Is ICD-10 excessive? Implementation not keeping up with timeline

Congressman Ted Poe (R-Texas) railed against the level of specificity in ICD-10 on the House floor Wednesday, including its nine different codes reflecting injury inflicted by a turkey and three ways to be injured by a lamppost.

Poe argued that the new system is excessive. It expands the 18,000 codes in ICD-9 for various injuries and diseases to more than 140,000 codes.

"Seems nine codes for a turkey assault is a bit silly," Poe is quoted in The Hill.  "It's red tape, it's bureaucracy, and this is what happens when clueless big government here in Washington starts telling people out in the workplace, doctors and patients, what they must do and when government intrudes into our lives with more regulations."

The Centers for Medicare & Medicaid Services website states that 30-year-old ICD-9 is outdated, does not describe current practice and cannot be expanded with new codes.
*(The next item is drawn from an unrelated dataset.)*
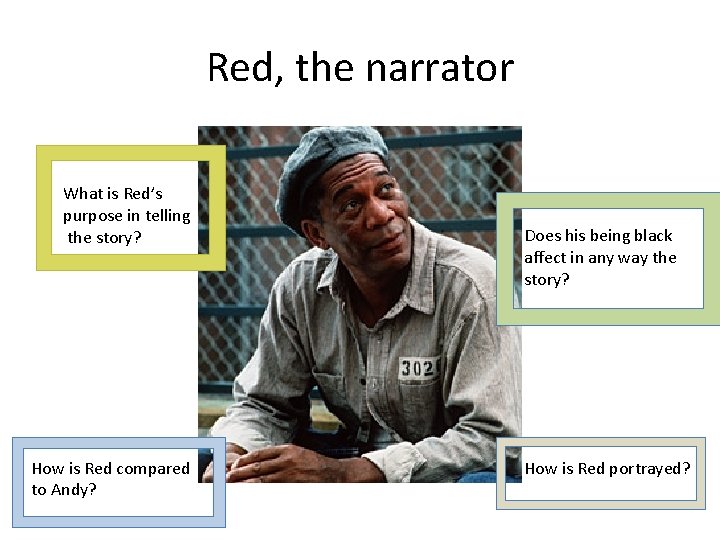 Red, the narrator What is Red’s purpose in telling the story? How is Red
The expanded ICD-10 is used by dozens of other developed countries.

The Department of Health & Human Services recently announced that the Oct. 1, 2014, deadline will stand, though many organizations are in the early stages of their conversion plans and one-third of providers in a survey by healthcare consultants Aloft Group say they haven't even started.

Similarly, a just-released survey from The Workgroup for Electronic Data Interchange (WEDI) concludes that the industry is not progressing at a rate that will ensure a smooth transition by the deadline.

It polled close to 1,000 providers, health plans and vendors in February, concluding that the industry overall is falling behind its recommended timeline.

Among the findings:

  • Almost half the health plans have pushed the start of external testing back to the end of this year.
  • About half of the providers did not know when testing would occur; two-fifths said they did not know when they would complete their impact assessment and business changes.
  • About two thirds of vendors plan to begin customer review and beta testing by the end of this year.

Christine Armstrong, principal at Deloitte, in a recent interview with FierceHealthIT, urged organizations to allow more time for both internal and external testing because those who have done it so far are finding that it takes longer than expected.